The results reconcile the longstanding puzzle of why oceanic thunderstorms produce far fewer lightning flashes than continental storms for comparable rainfall. While thermodynamic controls (e.g., CAPE) and fine aerosol concentrations modulate convective invigoration and electrification in both environments, they cannot by themselves account for the land–ocean contrast. By quantifying the competing effects of fine aerosols versus coarse sea spray (CSS), the study shows that CSS weakens convection by promoting early coalescence and warm rain, thereby reducing supercooled liquid water and ice–graupel interactions that drive electrification. Consequently, lightning over ocean increases sharply with fine aerosol loading when CSS is scarce (approaching continental behavior), but elevated CSS suppresses lightning—most strongly at high fine aerosol concentrations where CSS most effectively restores coalescence. These mechanisms explain why CAPE×precipitation predicts lightning over land but not over ocean and elucidate the large variability of oceanic lightning. The findings imply that marine lightning occurrence is controlled by the balance between fine aerosol invigoration and CSS-induced warm rain enhancement, with CSS often dominating over the ocean.

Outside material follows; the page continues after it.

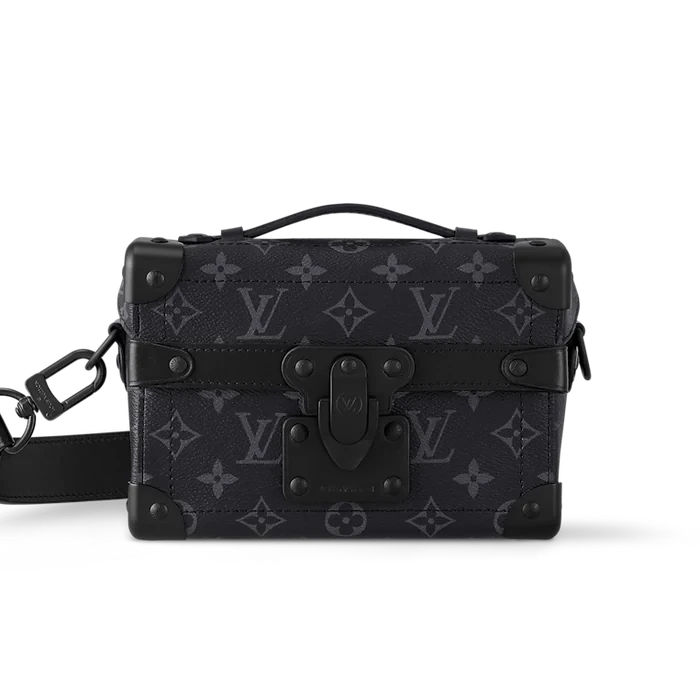 Sac bandoulière black mono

Fine and coarse soluble aerosols exert opposite controls on deep convective cloud intensity, phase partitioning, and electrification. Fine aerosols (CCN) suppress coalescence, invigorate convection, increase mixed-phase precipitation, and enhance lightning; coarse sea spray (CSS) enhances coalescence, shifts precipitation toward warm rain, weakens convection, and suppresses lightning—by up to ~90% across observed CSS ranges, with the strongest suppression at high fine aerosol concentrations. Accounting for these contrasting aerosol effects resolves much of the land–ocean lightning discrepancy for a given rainfall and clarifies aerosol–cloud–precipitation–lightning interactions. Climatically, CSS-driven conversion of mixed-phase to warm rain reduces latent heat of freezing and upward heat transport for a given surface rainfall, implying a need for more rainfall to balance tropospheric radiative deficits over oceans. Incorporating both fine and coarse marine aerosol effects into weather–climate models should improve simulations of rainfall amounts, vertical latent heating distributions, and atmospheric circulation. Future work could include independent replication of lightning responses using additional calibrated datasets and further observational tests of ultrafine aerosol invigoration mechanisms.

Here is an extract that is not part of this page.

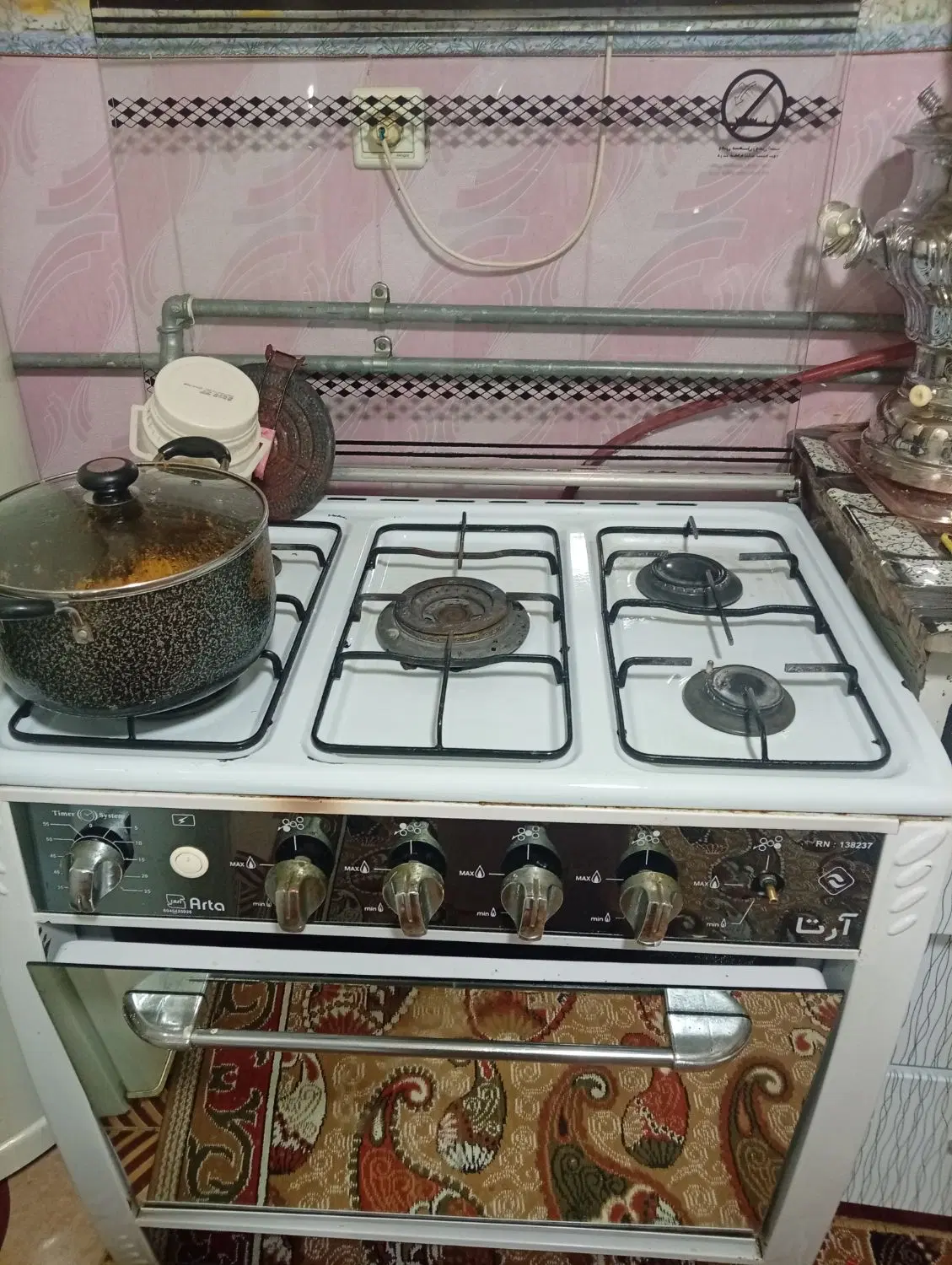 اجاق گاز|اجاق گاز و لوازم برقی پختوپز|اسدآباد, |دیوار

The analysis relies on WWLLN lightning detections; while performance is characterized and relative detection efficiency is high over the study regions, other independent lightning measurements with published sensitivity characterizations at the same time–space scales were not available for replication. Aerosol properties are from the MERRA-2 reanalysis, which, despite strong validation against AERONET, remains an assimilated product and may carry associated uncertainties.